Source: (Schlemper et al., 2017)
Update the DeepNetMriclass and load a pretrained model.
[20]:
from scipy.io import loadmat
from deepnet_mri import DeepNetMRI
[21]:
with open('configs/exp_deepnetmri.yaml', 'r') as file:
cfg = yaml.safe_load(file)
model_cfg = cfg['model']
model = ...
[21]:
<All keys matched successfully>
We are going to use a cardiac MRI sample.
[73]:
data = loadmat(os.path.join(cfg['exp_folder'], 'x0.mat'))
target_image = data['x0'][0] + data['x0'][1] * 1j
target_image = torch.as_tensor(target_image)
mask = loadmat(os.path.join(cfg['exp_folder'], 'mask.mat'))
mask = torch.as_tensor(mask['mask'][0]).long() == 1
mask = torch.fft.fftshift(mask)
[74]:
fig = plt.figure()
plt.imshow(torch.abs(target_image), cmap='gray')
plt.show()
In the exp_fig_3 folder are worst-case perturbations, i.e., noise optimized to distort the prediction of the model while being as small as possible. Apply those perturbations to the data. Are those perturbations visible in image space? Is the CNN unstable or does it hallucinate?
[75]:
def noisy_measurement(kspace: torch.Tensor, mask: torch.Tensor, noise: torch.Tensor = None, return_target = False):
"""Simulates a noisy MRI measurement.
"""
...
return obs_kspace, obs_image
def deprocess_obs(x):
"""Prepare observation data for plots.
"""
if x.device == 'cuda':
x = x.cpu()
if x.shape[0] == 1:
x = x.squeeze(0)
...
return x
def deprocess_rec(x):
"""Prepare reconstruction for plots.
"""
...
return x
def deprocess_target(x):
"""Prepare target data for plots.
"""
...
return x
[76]:
target_kspace = torch.fft.fftshift(torch.fft.fftn(target_image))
noise1 = torch.load(os.path.join(cfg['exp_folder'], 'worst_case_perturbation.pt'))
noise2 = torch.load(os.path.join(cfg['exp_folder'], 'worst_case_perturbation_zone_1.pt'))

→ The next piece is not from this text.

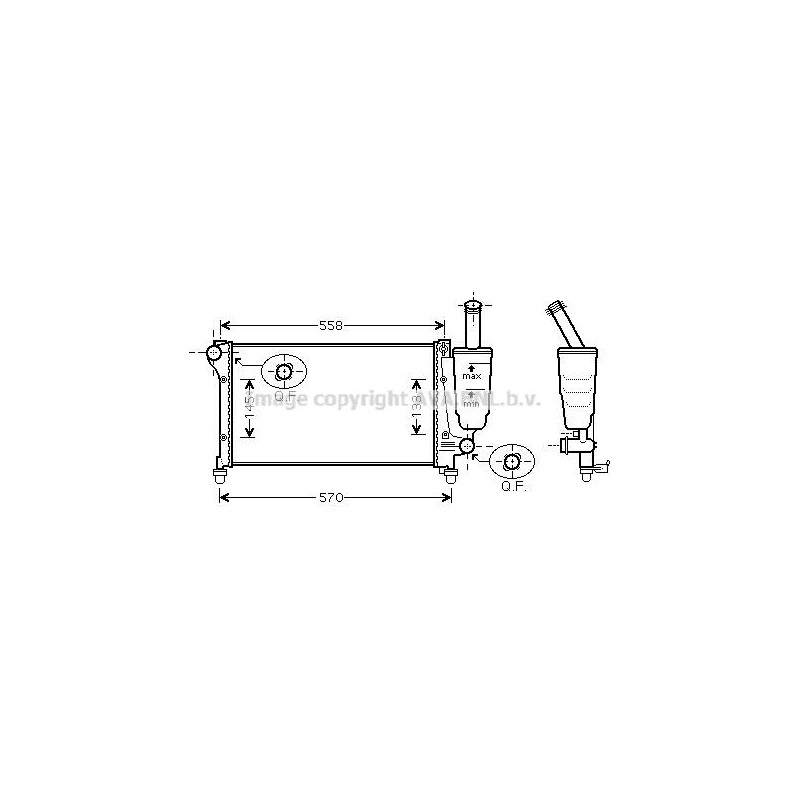 RAD EAU-VL/VUL- FIAT- PRE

noise3 = torch.load(os.path.join(cfg['exp_folder'], 'worst_case_perturbation_zone_2.pt'))
obs_kspace, obs_image = noisy_measurement(target_kspace, mask)
obs_kspace1, obs_image1, target_image1 = noisy_measurement(target_kspace, mask, noise1, return_target=True)
obs_kspace2, obs_image2, target_image2 = noisy_measurement(target_kspace, mask, noise2, return_target=True)
obs_kspace3, obs_image3, target_image3 = noisy_measurement(target_kspace, mask, noise3, return_target=True)
[77]:
with torch.no_grad():
rec = model(obs_image, obs_kspace, mask)
rec1 = model(obs_image1, obs_kspace1, mask)
rec2 = model(obs_image2, obs_kspace2, mask)
rec3 = model(obs_image3, obs_kspace3, mask)
[78]:
target_image = deprocess_target(target_image)
target_image1 = deprocess_target(target_image1)
target_image2 = deprocess_target(target_image2)
target_image3 = deprocess_target(target_image3)
min_val, max_val = target_image.min(), target_image.max()
[79]:
from matplotlib.patches import Ellipse
fig, ax = plt.subplots(4, 3, figsize=(15, 15))
ax[0, 0].imshow(deprocess_obs(obs_image), cmap='gray', vmin=min_val, vmax=max_val)
ax[0, 1].imshow(deprocess_rec(rec), cmap='gray', vmin=min_val, vmax=max_val)
ax[0, 2].imshow(target_image, cmap='gray', vmin=min_val, vmax=max_val)
ax[0, 0].set_title('Observation in image space')
ax[0, 1].set_title('Reconstruction in image space')
ax[0, 2].set_title('(Noisy) target in image space')
ax[1, 0].imshow(deprocess_obs(obs_image1), cmap='gray', vmin=min_val, vmax=max_val)
ax[1, 1].imshow(deprocess_rec(rec1), cmap='gray', vmin=min_val, vmax=max_val)
ax[1, 2].imshow(target_image1, cmap='gray', vmin=min_val, vmax=max_val)
ax[2, 0].imshow(deprocess_obs(obs_image2), cmap='gray', vmin=min_val, vmax=max_val)
ax[2, 1].imshow(deprocess_rec(rec2), cmap='gray', vmin=min_val, vmax=max_val)
ax[2, 2].imshow(target_image2, cmap='gray', vmin=min_val, vmax=max_val)
ellipse = Ellipse((240, 200), width=50, height=40, edgecolor='red', facecolor='none', linewidth=1)
ax[2, 1].add_patch(ellipse)
ax[3, 0].imshow(deprocess_obs(obs_image3), cmap='gray', vmin=min_val, vmax=max_val)
ax[3, 1].imshow(deprocess_rec(rec3), cmap='gray', vmin=min_val, vmax=max_val)
ax[3, 2].imshow(target_image3, cmap='gray', vmin=min_val, vmax=max_val)
ellipse = Ellipse((91, 160), width=20, height=20, edgecolor='red', facecolor='none', linewidth=1)
ax[3, 1].add_patch(ellipse)
fontsize=14
ax[0, 0].set_ylabel('w/o noise', fontsize=fontsize)
ax[1, 0].set_ylabel('w/ noise: worst-case 1', fontsize=fontsize)
ax[2, 0].set_ylabel('w/ noise: worst-case 2', fontsize=fontsize)
ax[3, 0].set_ylabel('w/ noise: worst-case 3', fontsize=fontsize)
plt.show()
Finally, write a script to compute new worst-case perturbations.